Indulge in Group Nostalgia

When you stimulate within your shoppers fond memories of the past, they’ll yearn to eat candies and cakes with close friends. The explanation for this strange specific finding by researchers at Monash University, East China Normal University, and Chongqing Technology and Business University leads to broader lessons about how to employ nostalgia in retail sales.
     That explanation has to do with nostalgia emphasizing positive beliefs and feelings, with flashes of the indulgences and family support from consumers’ childhoods even if the fond memories are not primarily of childhood. As a result, nostalgic shoppers become less concerned about how others will judge their consumption decisions. This effect is stronger when the nostalgic shopper is actually accompanied by supportive family or friends. In the research, the relationship between a nostalgic frame of mind and consumption of indulgent foods was weakened when the consumer was told they’d be eating with strangers or eating alone.

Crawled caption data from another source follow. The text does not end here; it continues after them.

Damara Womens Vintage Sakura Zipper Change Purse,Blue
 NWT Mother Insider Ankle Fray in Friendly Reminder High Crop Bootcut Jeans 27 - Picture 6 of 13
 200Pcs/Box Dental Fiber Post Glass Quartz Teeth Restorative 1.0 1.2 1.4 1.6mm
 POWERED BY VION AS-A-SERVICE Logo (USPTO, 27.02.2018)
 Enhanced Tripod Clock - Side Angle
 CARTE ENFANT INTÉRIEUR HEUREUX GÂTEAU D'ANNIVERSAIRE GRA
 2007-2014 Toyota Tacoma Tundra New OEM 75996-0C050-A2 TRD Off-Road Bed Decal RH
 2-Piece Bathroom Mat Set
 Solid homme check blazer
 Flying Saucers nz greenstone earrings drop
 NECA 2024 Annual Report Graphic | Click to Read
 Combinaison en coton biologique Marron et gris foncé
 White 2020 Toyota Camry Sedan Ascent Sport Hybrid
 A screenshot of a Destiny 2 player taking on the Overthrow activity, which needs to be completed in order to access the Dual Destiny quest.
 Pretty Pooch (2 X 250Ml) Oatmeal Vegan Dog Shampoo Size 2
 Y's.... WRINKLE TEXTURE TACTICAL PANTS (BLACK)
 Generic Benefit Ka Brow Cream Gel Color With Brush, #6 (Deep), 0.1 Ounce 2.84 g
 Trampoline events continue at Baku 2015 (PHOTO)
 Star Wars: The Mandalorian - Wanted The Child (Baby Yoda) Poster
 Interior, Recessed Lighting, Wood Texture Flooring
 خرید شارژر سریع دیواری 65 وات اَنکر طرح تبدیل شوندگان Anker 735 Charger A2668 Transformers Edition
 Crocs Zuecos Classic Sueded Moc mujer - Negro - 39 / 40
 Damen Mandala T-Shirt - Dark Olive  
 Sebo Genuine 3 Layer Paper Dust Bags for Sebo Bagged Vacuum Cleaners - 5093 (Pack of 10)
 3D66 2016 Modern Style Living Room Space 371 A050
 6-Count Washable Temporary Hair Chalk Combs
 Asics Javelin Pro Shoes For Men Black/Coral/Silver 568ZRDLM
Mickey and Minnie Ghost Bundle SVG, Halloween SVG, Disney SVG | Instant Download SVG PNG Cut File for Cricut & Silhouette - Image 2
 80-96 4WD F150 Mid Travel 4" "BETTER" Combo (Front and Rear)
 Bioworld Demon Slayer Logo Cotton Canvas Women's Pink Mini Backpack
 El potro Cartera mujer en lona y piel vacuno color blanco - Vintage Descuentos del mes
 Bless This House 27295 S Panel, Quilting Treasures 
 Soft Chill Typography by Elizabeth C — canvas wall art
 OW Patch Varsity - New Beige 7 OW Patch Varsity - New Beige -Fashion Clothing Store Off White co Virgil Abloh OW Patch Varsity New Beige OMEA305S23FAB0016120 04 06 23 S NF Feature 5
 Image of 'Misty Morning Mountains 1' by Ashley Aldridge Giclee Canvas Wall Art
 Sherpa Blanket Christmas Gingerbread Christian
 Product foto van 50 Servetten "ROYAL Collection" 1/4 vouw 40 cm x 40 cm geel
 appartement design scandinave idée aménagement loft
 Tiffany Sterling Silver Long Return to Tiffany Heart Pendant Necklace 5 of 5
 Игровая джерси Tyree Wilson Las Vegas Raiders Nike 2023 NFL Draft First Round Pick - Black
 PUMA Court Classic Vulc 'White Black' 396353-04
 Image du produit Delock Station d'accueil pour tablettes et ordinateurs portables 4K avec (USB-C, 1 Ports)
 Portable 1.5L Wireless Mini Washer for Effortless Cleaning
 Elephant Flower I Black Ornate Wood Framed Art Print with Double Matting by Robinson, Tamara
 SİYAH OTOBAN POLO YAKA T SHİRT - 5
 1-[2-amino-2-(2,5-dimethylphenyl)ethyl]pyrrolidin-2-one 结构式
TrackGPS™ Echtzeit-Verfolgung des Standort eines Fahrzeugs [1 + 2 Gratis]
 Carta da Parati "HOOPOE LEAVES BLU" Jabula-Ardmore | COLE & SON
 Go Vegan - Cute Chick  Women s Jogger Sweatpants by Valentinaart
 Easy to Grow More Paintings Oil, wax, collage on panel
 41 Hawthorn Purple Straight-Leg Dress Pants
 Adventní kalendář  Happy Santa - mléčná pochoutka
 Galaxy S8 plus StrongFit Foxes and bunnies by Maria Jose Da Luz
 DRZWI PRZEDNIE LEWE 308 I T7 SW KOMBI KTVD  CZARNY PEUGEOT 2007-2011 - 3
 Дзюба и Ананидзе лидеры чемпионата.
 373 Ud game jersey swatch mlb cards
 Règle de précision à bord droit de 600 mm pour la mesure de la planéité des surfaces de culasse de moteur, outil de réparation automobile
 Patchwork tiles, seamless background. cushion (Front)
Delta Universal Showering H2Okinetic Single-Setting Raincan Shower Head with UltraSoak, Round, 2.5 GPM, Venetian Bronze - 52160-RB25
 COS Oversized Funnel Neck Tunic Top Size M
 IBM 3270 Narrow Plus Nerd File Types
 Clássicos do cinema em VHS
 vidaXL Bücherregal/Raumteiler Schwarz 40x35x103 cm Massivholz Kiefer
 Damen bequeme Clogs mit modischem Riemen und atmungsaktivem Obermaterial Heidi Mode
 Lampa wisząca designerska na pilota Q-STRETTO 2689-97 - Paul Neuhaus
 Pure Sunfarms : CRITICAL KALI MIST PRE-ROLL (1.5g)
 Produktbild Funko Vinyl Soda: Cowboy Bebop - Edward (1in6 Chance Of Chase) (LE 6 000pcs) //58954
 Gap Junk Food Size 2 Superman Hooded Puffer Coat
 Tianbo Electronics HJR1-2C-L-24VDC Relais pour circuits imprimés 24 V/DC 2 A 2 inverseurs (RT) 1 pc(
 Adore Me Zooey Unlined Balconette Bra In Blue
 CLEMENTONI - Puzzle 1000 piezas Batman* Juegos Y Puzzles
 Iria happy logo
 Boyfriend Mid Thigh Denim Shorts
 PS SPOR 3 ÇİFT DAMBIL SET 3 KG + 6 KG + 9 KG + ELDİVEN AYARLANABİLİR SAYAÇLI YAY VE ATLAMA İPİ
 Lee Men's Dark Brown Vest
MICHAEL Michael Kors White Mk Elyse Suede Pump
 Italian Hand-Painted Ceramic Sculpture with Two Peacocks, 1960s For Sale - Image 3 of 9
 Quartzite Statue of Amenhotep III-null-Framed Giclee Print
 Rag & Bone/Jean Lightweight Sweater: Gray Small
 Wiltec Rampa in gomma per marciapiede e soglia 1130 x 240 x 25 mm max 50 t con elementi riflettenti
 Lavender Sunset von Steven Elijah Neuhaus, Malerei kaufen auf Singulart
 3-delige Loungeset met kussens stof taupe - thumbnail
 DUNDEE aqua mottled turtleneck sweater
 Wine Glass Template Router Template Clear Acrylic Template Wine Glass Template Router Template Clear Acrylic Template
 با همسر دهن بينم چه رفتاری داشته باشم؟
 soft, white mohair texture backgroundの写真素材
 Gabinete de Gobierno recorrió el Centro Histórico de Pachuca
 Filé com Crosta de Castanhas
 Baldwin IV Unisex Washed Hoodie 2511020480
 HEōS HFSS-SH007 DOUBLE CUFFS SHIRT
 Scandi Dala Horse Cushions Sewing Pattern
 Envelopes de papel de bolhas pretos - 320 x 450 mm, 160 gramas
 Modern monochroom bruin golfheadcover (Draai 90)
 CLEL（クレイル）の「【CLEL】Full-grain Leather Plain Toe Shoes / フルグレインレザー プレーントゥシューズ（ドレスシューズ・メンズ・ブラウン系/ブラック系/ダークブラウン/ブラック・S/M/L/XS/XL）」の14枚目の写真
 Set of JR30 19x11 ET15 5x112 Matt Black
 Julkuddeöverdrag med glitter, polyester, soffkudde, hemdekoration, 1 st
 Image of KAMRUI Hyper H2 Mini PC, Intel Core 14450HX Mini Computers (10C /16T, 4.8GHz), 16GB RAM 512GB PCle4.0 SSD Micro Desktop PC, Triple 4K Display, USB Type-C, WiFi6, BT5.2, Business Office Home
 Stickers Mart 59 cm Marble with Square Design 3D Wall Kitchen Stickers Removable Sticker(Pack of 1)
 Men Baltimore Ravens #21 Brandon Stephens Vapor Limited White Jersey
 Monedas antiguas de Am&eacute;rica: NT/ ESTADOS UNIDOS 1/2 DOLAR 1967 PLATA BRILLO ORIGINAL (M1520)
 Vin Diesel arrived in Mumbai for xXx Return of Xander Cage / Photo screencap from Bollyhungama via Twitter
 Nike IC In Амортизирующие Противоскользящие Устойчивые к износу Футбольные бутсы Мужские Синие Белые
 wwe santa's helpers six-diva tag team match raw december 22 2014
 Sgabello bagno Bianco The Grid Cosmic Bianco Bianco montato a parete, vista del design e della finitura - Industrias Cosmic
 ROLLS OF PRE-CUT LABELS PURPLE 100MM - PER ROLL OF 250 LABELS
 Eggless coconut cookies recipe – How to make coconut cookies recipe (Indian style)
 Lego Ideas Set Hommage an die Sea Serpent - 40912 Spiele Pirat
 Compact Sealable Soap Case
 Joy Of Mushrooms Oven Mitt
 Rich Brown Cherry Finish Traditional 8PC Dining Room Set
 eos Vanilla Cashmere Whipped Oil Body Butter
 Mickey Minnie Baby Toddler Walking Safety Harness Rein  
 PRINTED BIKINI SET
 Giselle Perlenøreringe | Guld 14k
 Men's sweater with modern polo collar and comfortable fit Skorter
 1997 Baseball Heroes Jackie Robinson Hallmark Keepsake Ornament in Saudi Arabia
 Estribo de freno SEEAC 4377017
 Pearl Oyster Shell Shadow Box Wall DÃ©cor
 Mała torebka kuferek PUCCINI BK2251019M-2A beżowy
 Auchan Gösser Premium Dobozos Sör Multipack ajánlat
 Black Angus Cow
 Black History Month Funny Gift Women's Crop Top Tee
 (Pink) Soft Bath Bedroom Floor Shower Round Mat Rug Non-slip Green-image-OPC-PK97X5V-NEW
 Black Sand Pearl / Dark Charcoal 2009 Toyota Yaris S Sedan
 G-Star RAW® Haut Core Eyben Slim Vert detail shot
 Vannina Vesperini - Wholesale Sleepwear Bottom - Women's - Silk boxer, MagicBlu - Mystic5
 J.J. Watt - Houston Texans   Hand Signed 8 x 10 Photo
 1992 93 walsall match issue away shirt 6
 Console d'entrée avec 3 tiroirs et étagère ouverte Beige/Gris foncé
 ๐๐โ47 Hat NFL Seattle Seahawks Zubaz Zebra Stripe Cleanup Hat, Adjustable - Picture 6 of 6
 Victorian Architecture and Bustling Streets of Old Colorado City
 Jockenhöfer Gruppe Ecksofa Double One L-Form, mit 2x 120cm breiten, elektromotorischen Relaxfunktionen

     For these studies, nostalgia was generated by showing participants photos from the 1970s. Fragrances have also been used. But which stimuli will work does depend on when the target audience was born. The odor of hot chocolate and cinnamon has stronger effects on shoppers born in the 1940s than on those born in the 1970s.
     Item scarcity boosts existing feelings of nostalgia. And general social trends are a force. Among consumer psychologists, there’s a sense that nostalgia appeal grows during periods of uncertainty, such as from economic downturns or cultural isolation. Researchers from Arizona State University and Erasmus University in the Netherlands concluded that if people are feeling lonely, they get interested in nostalgia. When made to feel socially uncertain by the experimental manipulation, consumers became more likely to prefer automobile makes, food brands, TV shows, movies, and even shower soaps which reminded them of their personal history.
     In another example of the relationship between nostalgia and indulgence, nostalgia appeals have been found to loosen a consumer’s purse strings. Researchers at University of Minnesota, University of Southampton, and Grenoble École de Management asked each study participant in one group, selected at random, to think about their past. The remaining study participants were asked to think about recent or future events. Then each study participant was asked how much they’d pay for a set of items which were described by the researchers. The group who’d been asked to think about their personal past came in with higher bids overall.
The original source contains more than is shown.